Please transcribe the data that follows without the pictures, keeping every word the same.

## [Data block]
• • • •

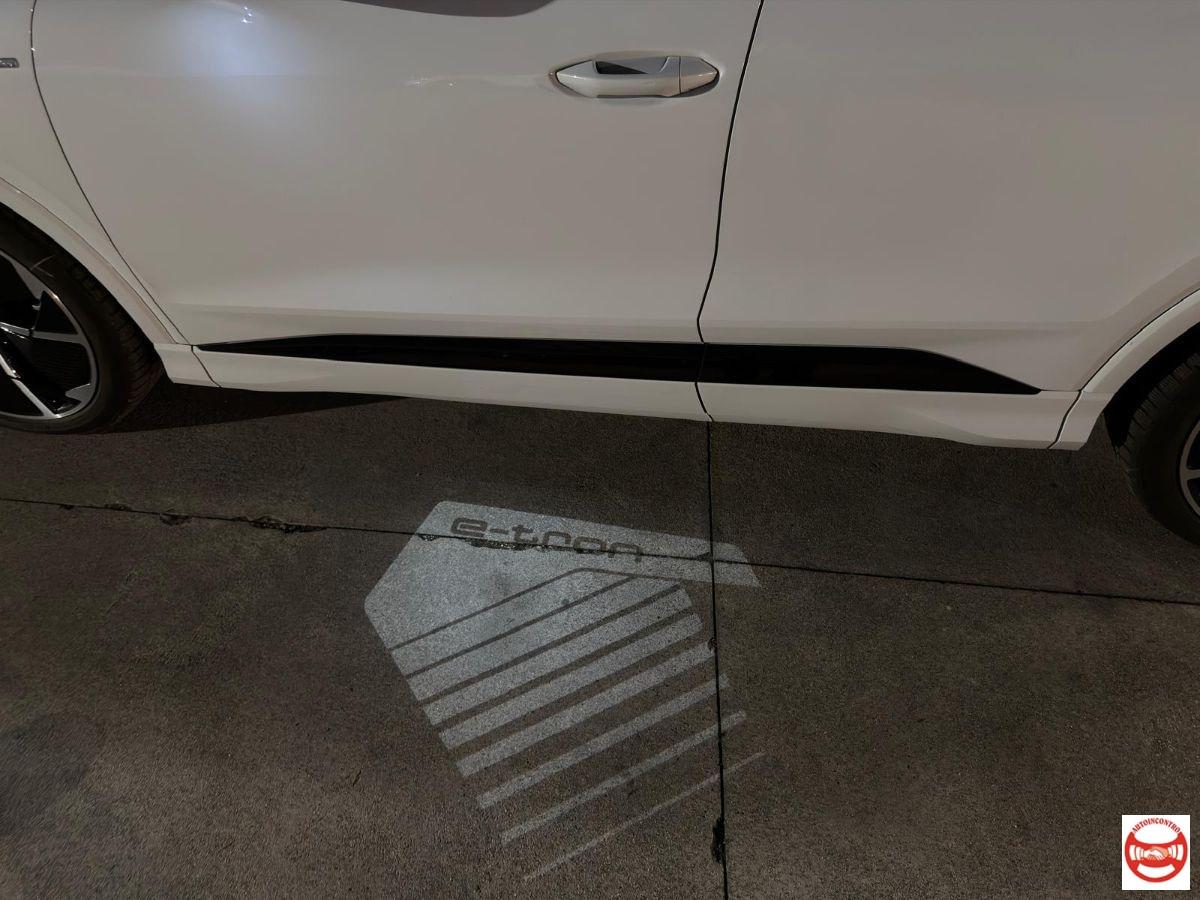 AUDI - Q4 e-tron - Q4 SPB 50 e-tron quattro S line edition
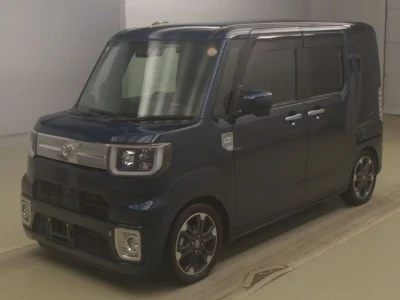 Toyota Pixis Mega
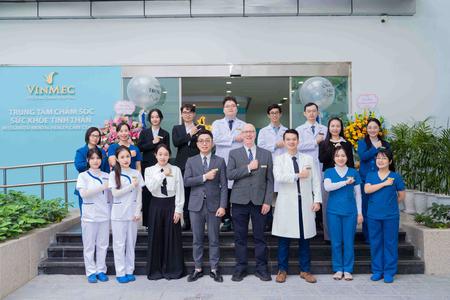 Con nổi nóng, bỏ học, đóng cửa phòng: Cha mẹ nên làm gì trước tiên?
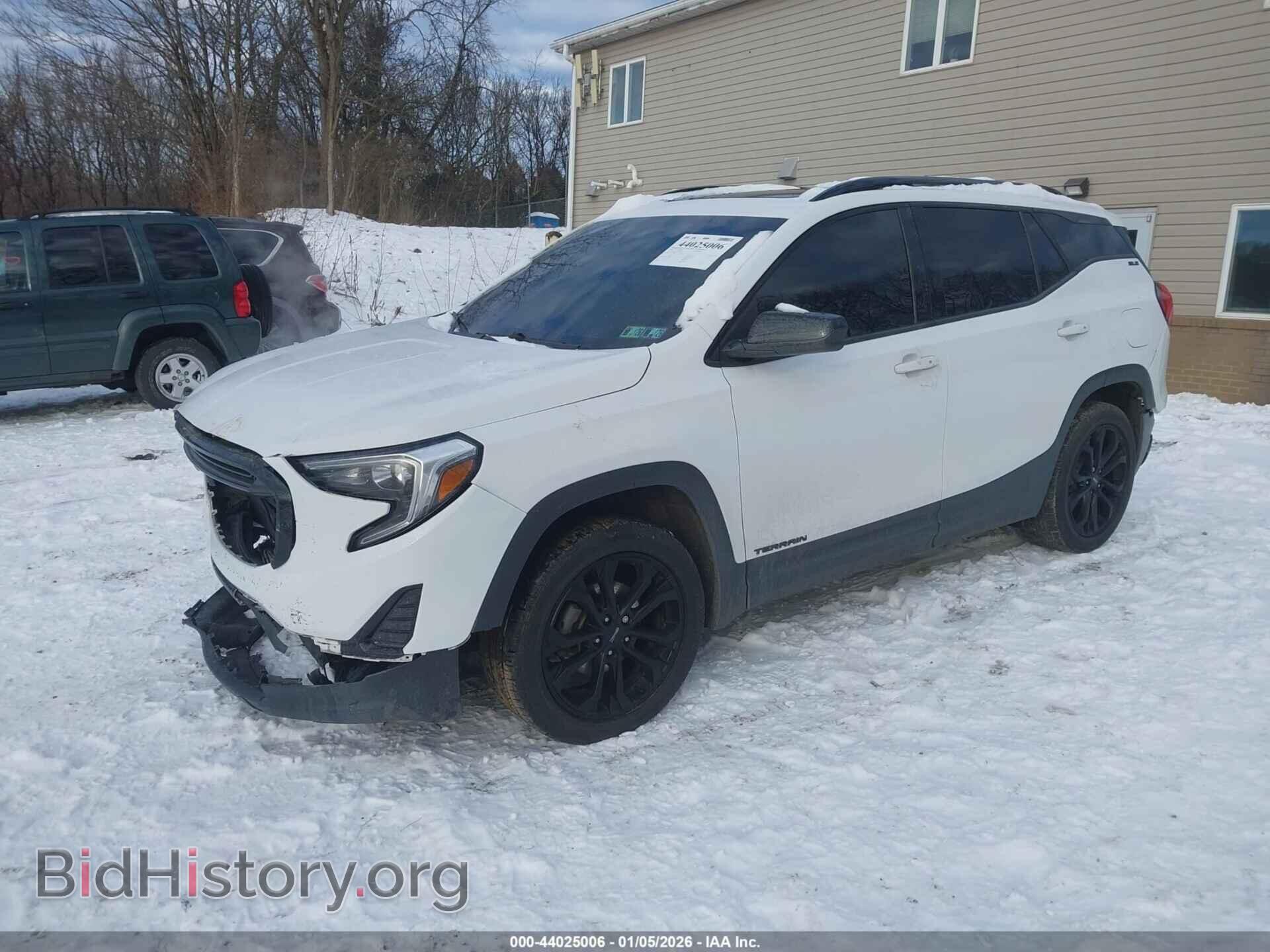 2020 GMC TERRAIN - VIN: 3GKALTEV5LL174630 - Фото 2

• • • •

## [Response]
 AUDI - Q4 e-tron - Q4 SPB 50 e-tron quattro S line edition
 Toyota Pixis Mega
 Con nổi nóng, bỏ học, đóng cửa phòng: Cha mẹ nên làm gì trước tiên?
 2020 GMC TERRAIN - VIN: 3GKALTEV5LL174630 - Фото 2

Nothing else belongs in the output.